This is such a simple thing that even some handheld compasses has a primitive clinometer.
Sextant
The next step up is a sextant. The best know ones are the ones you see used on sail ships, but they are also used in airplanes and spacecraft.
A sextant is basically an instrument which lets you look at two different objects at the same time, and read off the angle between these two objects. A sextant shows each object right next to each other through a combination of mirrors and lenses. So typically to look through a telescope which is split in two, and where each half shows a different object.
When on a ship you use the ocean horizon as the reference line. Then you typically try to look at the sun in the other half, so that the sun and horizon align next to each other in your telescope. This gives the angle of elevation for the sun.
But the sun is just one option, and one you have to be careful with, since you can’t look straight at the sun without colored glasses. At night time one might want to look at say the north star instead, or the moon.
In an airplane you don’t have the luxury of being able to look at the ocean horizon. You might e.g. be above the clouds or flying at night. Hence an airplane or bubble sextant works more like a clinometer. You try to align the bubble in a spirit level, with the celestial body you are looking at through your telescope.
Of course if you are in outer space a spirit level won’t work as there will not be any gravity.

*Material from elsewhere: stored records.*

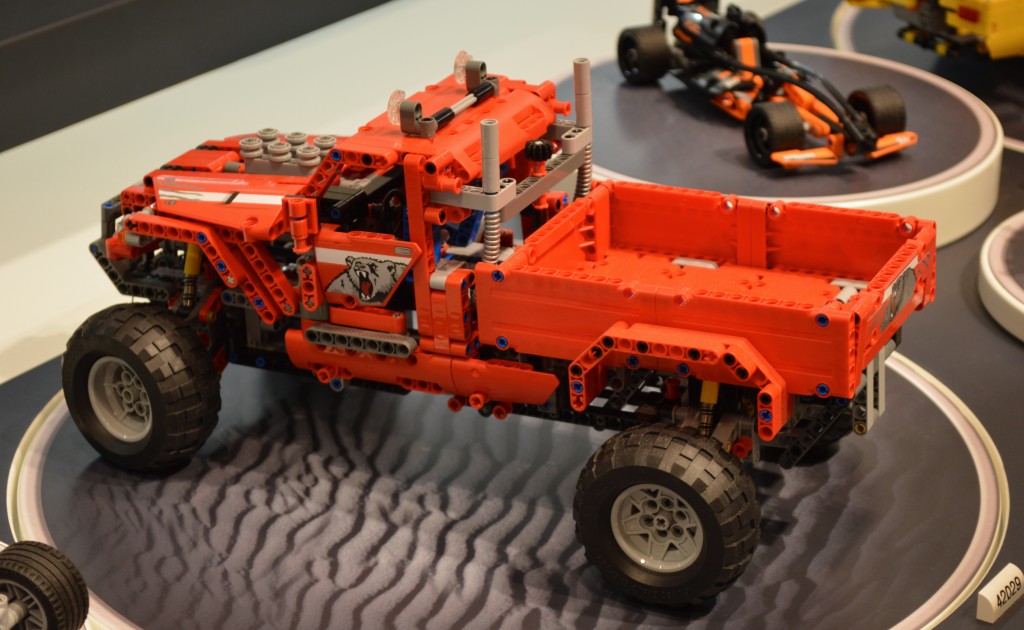 http://www.hobbymedia.it/img/2014/01/lego-technic-truck-offroad-rosso-42029-toy-fair.jpg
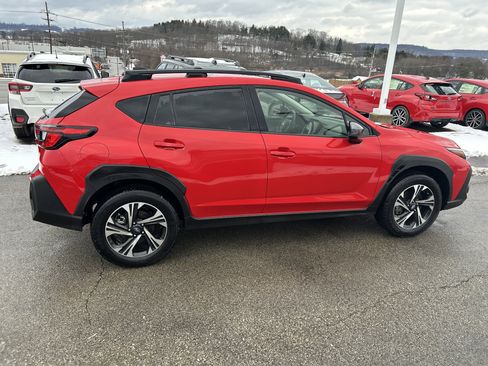 Used 2024 Subaru Crosstrek 2.0i Premium image 5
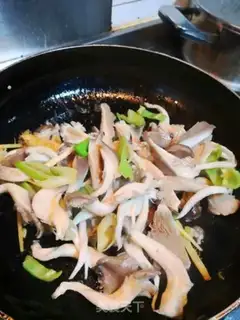 Make Scrambled mushrooms step 3
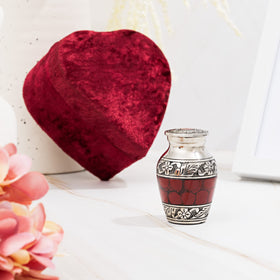 Cherishedly Yours charcoal-black interior enhances memento storage.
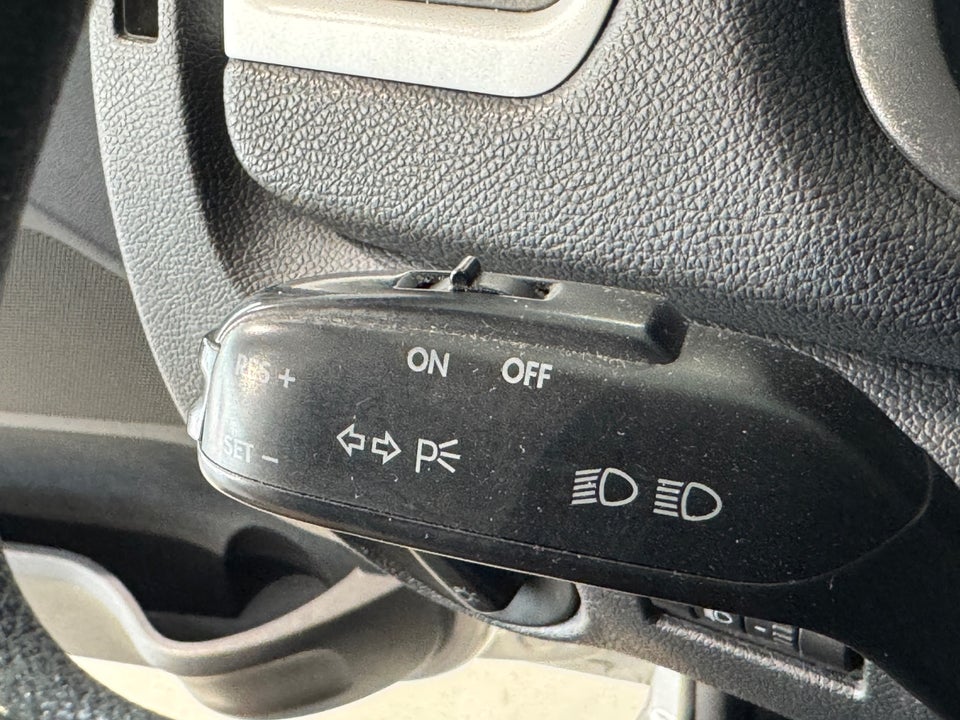 Skoda Fabia 1,4 16V Ambiente 5d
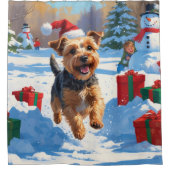 Skye Terrier läuft im Schnee mit Weihnachtsmütze Duschvorhang (Vorderseite)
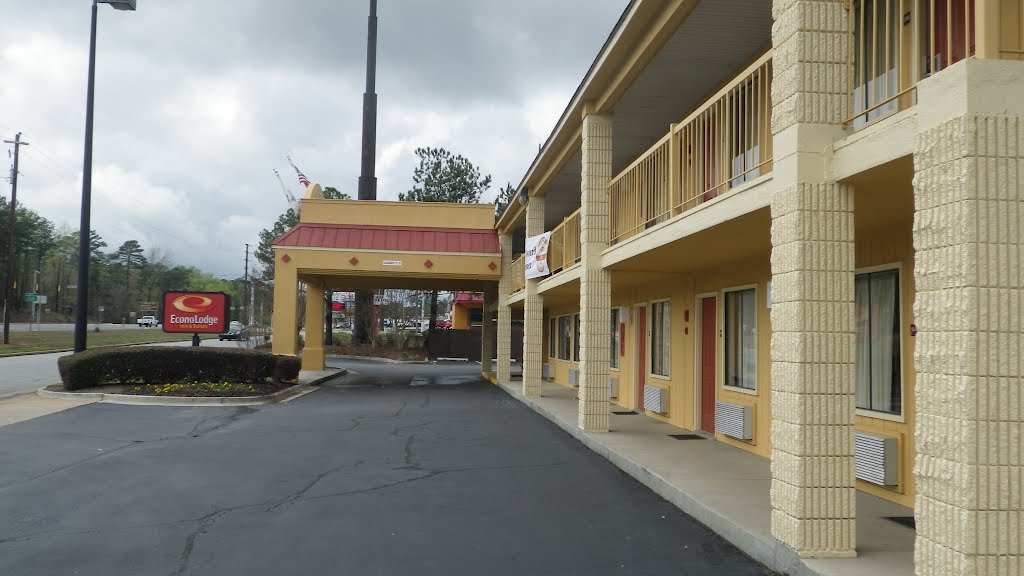 Econo Lodge Front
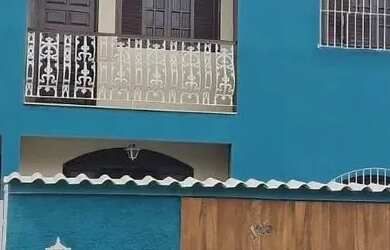 Imagem: A casa possui 5 Dormitórios, 4 Banheiros, 2 Vagas na garagem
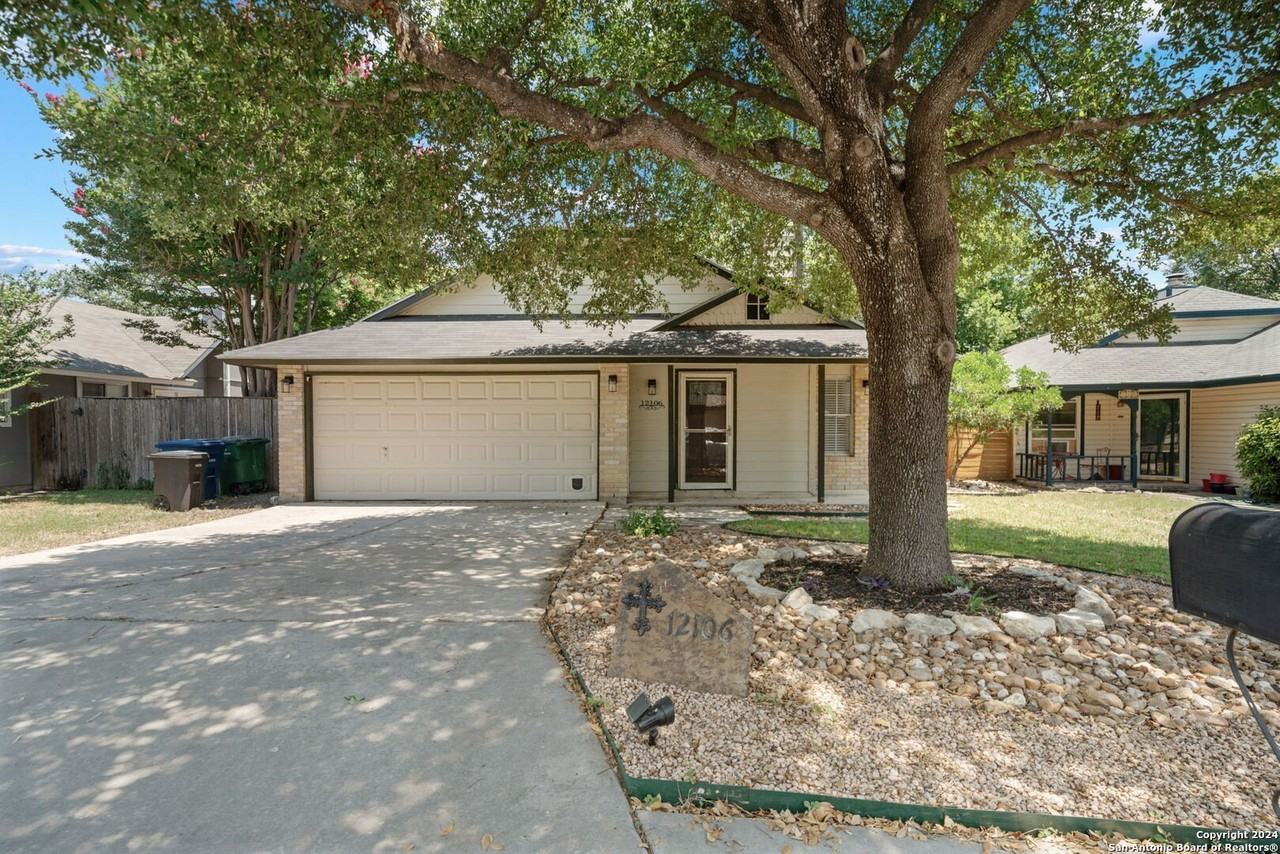 12106 Ridge Ct - Photo 2 of 25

Instead you’ll typically look at two different known stars, and find the angle between them.
Theodolite
A theodolite is kind of like a really fancy clinometer. You are not limited to finding dip, but can also find azimuth. And when using a theodolite we don’t assume that we are trying to find our own position, but rather the position of the objects we are looking at through it. That is because theodolites aren’t used for navigation but for surveying.
With a theodolite we are not finding our position. That is already assumed to be known. Instead we are trying to determine position of many different features in the landscape to perform a survey.
One way to do this is to use two theodolites or simply move the same theodolite to, two different positions. The line between these two points is called the baseline and muse be measure accurately in some way. Lets call these points A and B. We could use steel tape to measure the distance between A and B. Then from A and B we measure angles to the same points in the landscape, both the dip and azimuth to the points. Then we can use triangulation to find the distance to each measured point.
Star Camera or Tracker
In modern day spacecraft, whether manned or not, one does not use sextants. Sextants were useful when one did not have advance image processing software and computers. In the Apollo days astronauts would have to identify star constellations manually and then use the sextant to measure the angle between two known stars.
However today we can simple use a camera to take pictures of the sky and use image processing to identify constellations and find two or more known stars to use for triangulation. One can use off the shelf scientific cameras for this purpose.
But often because of the higher strains space puts on equipment one might need to built unique versions, or harden existing technology in some ways.
Usually the number of megapixels on such cameras will be much smaller than for commercial cameras as megapixels is pretty irrelevant for astronomy. One can simply take multiple pictures and string them together if you want larger pictures. What does matter however is light sensitivity and that tends to diminish when adding more mega pixels on a sensor.
Gyroscopes
Gyroscopes are such a big topic, that it really needs its own article, so I’ll just cover a minimum, here to get more in depth in my next article.
A gyroscope is essentially the combination a regular spinning top and multiple gimbals.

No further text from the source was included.